Aim of the exercise
Take the line with "Universal 18X Telescope" as the first and the last line of the data as the end. Write out both and every line between exactly, except pictures.

Material provided START

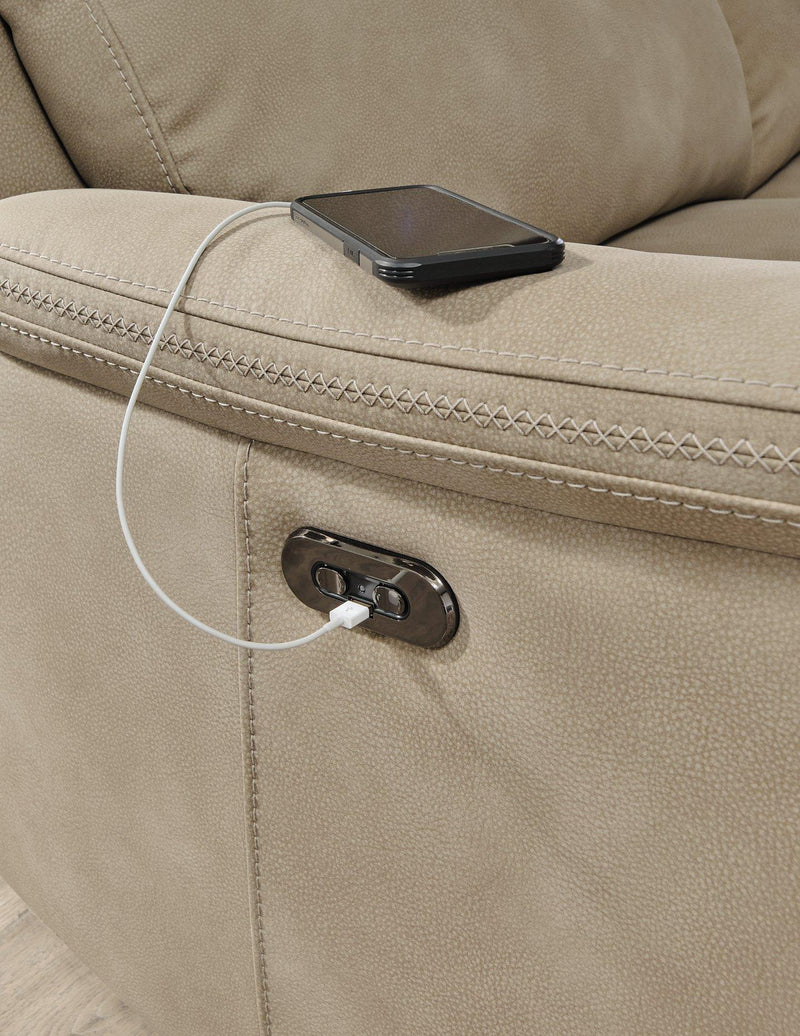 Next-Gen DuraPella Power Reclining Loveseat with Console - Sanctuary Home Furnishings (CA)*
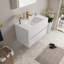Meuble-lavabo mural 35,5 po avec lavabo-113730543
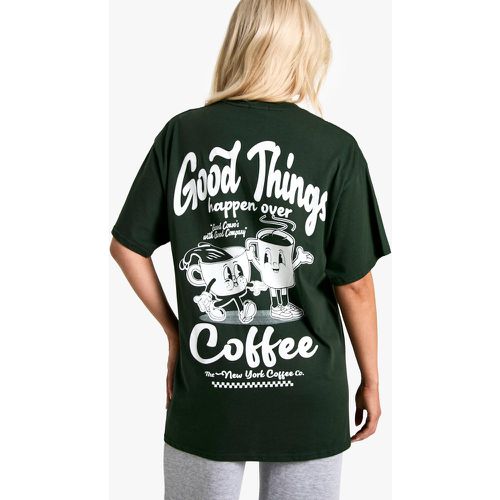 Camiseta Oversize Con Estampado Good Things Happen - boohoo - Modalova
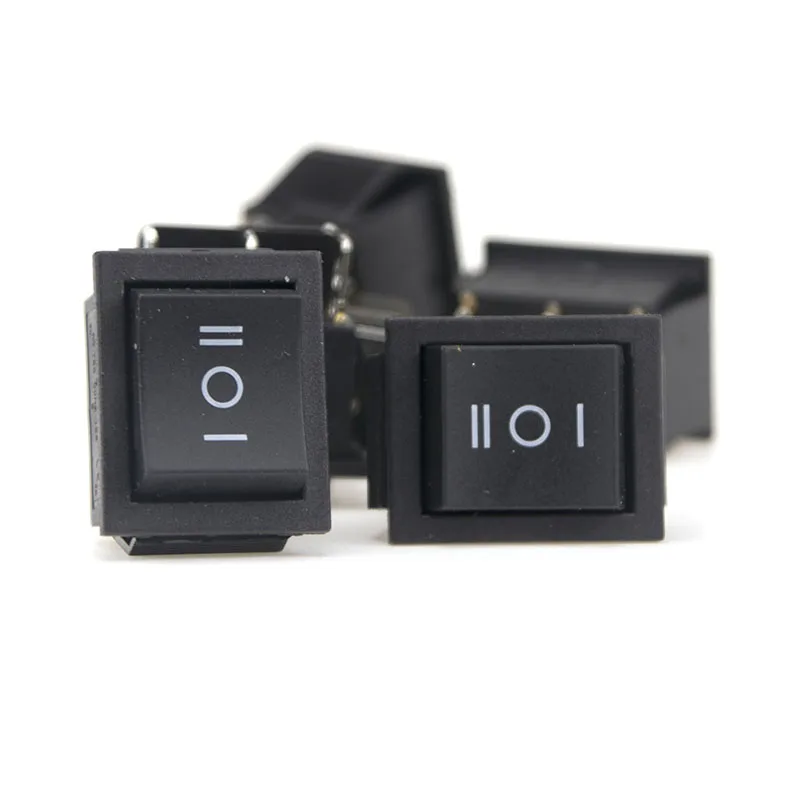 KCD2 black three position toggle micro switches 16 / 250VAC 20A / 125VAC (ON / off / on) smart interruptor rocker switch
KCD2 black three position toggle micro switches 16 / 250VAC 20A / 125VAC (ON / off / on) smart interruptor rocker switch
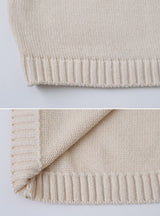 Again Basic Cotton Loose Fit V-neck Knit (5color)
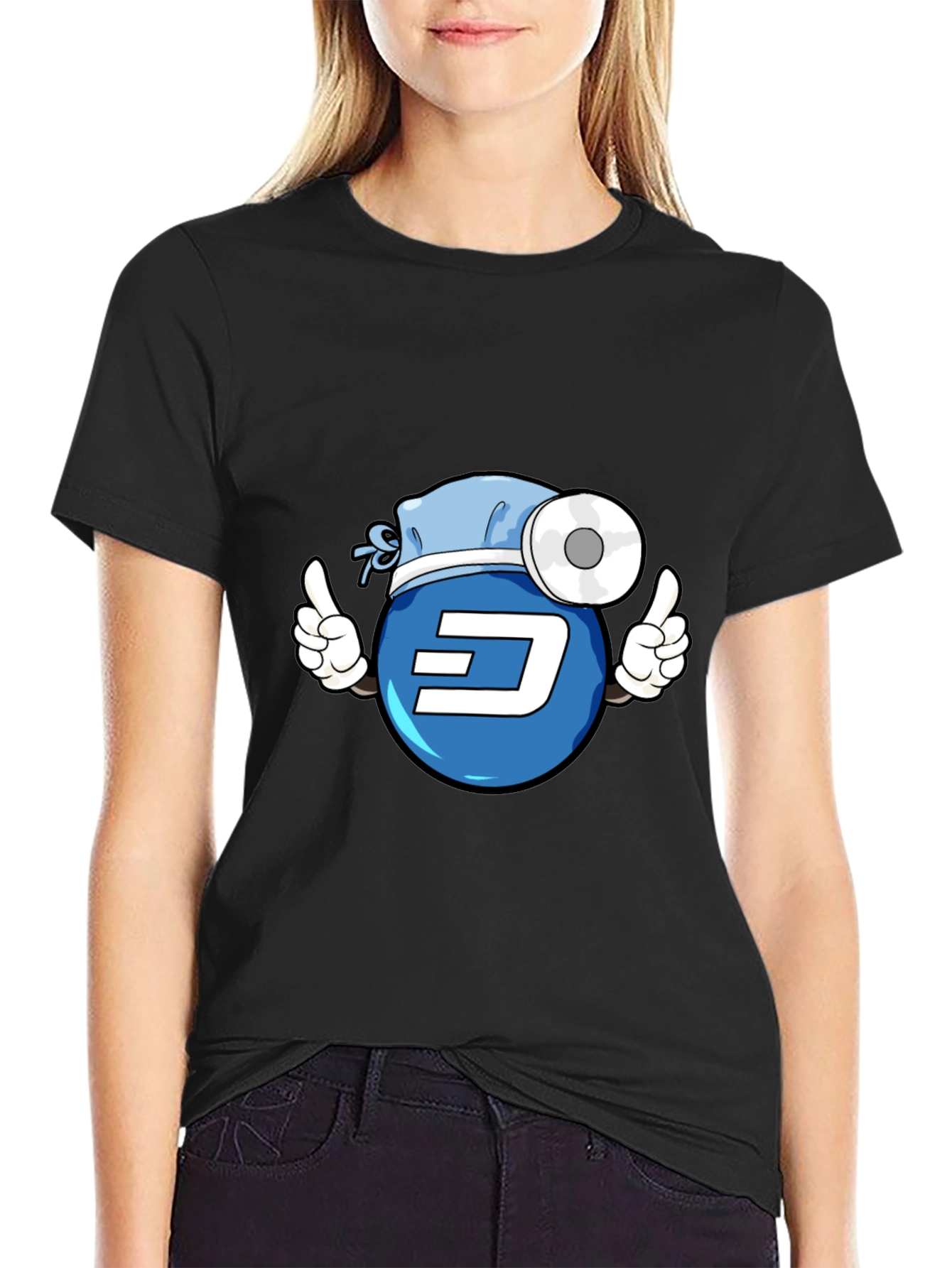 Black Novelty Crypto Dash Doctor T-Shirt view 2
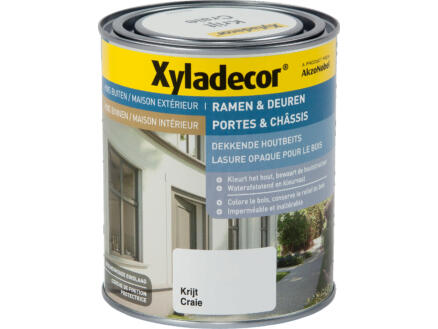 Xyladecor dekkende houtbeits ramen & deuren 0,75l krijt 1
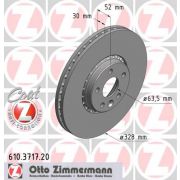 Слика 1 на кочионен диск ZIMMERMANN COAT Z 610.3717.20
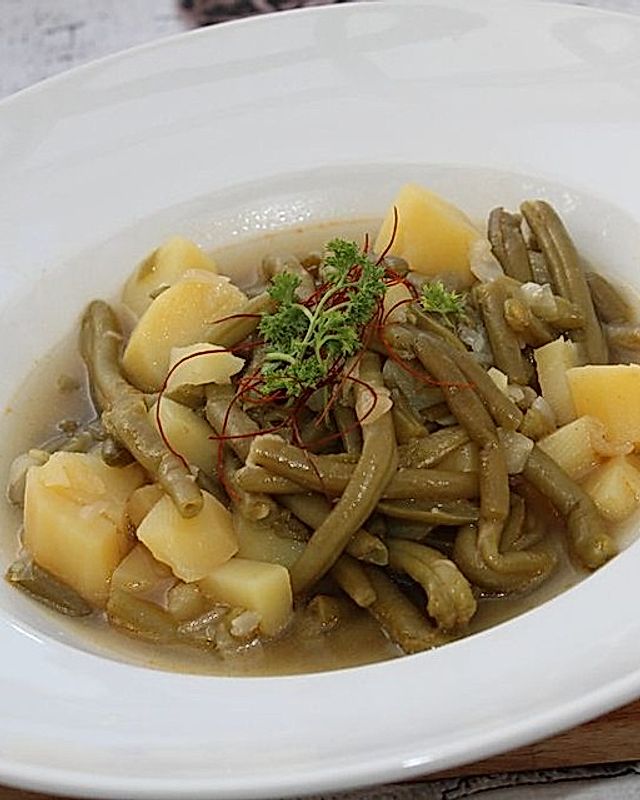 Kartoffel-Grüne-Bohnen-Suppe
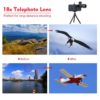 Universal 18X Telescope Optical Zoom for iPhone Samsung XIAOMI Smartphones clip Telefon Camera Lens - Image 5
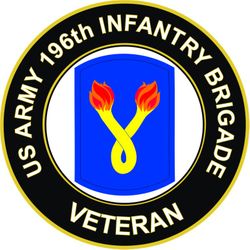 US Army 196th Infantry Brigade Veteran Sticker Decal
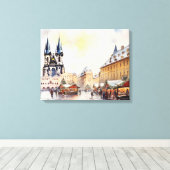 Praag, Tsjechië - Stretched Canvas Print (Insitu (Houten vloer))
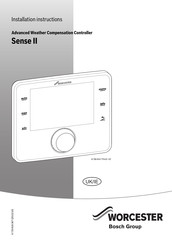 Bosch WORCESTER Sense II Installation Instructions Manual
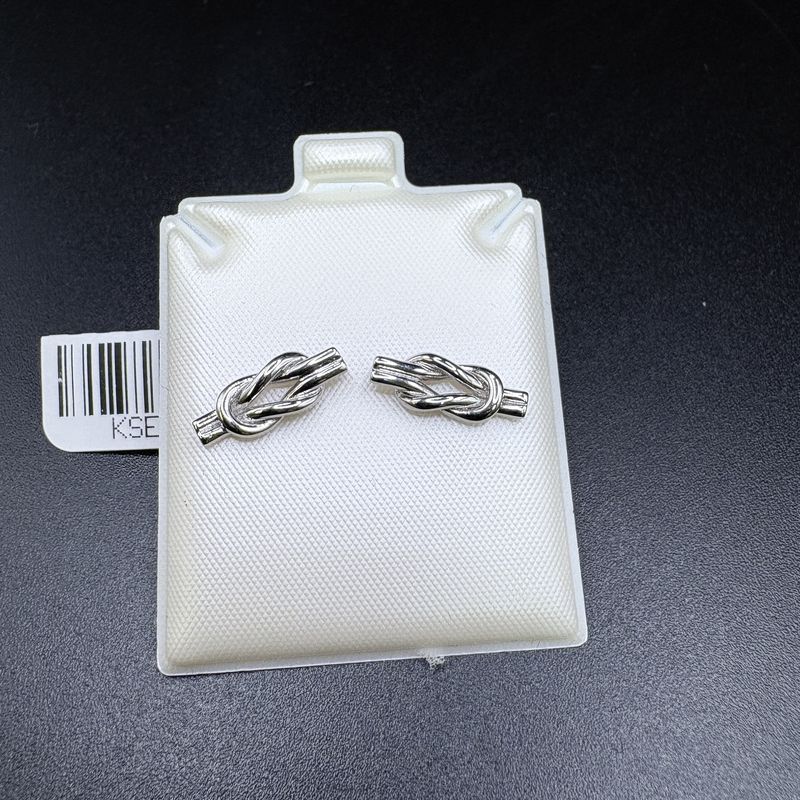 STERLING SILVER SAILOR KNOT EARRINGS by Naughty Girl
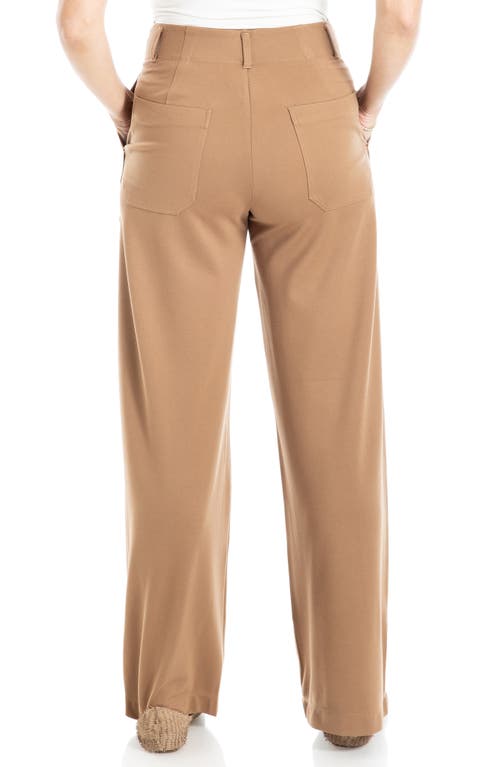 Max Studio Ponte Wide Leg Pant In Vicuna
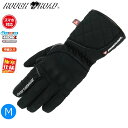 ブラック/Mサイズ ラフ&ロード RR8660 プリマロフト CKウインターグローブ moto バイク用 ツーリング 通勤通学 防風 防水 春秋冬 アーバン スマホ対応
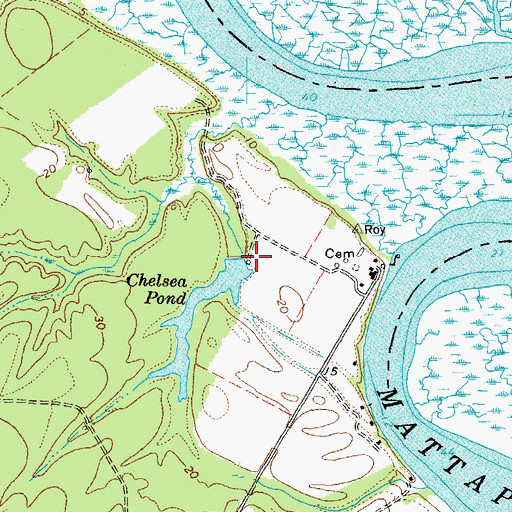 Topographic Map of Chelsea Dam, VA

Material provided END

Answer to this exercise
 Universal 18X Telescope Optical Zoom for iPhone Samsung XIAOMI Smartphones clip Telefon Camera Lens - Image 5
 US Army 196th Infantry Brigade Veteran Sticker Decal
 Praag, Tsjechië - Stretched Canvas Print (Insitu (Houten vloer))
 Bosch WORCESTER Sense II Installation Instructions Manual
 STERLING SILVER SAILOR KNOT EARRINGS by Naughty Girl
 Max Studio Ponte Wide Leg Pant In Vicuna
 ブラック/Mサイズ ラフ&ロード RR8660 プリマロフト CKウインターグローブ moto バイク用 ツーリング 通勤通学 防風 防水 春秋冬 アーバン スマホ対応
 Topographic Map of Chelsea Dam, VA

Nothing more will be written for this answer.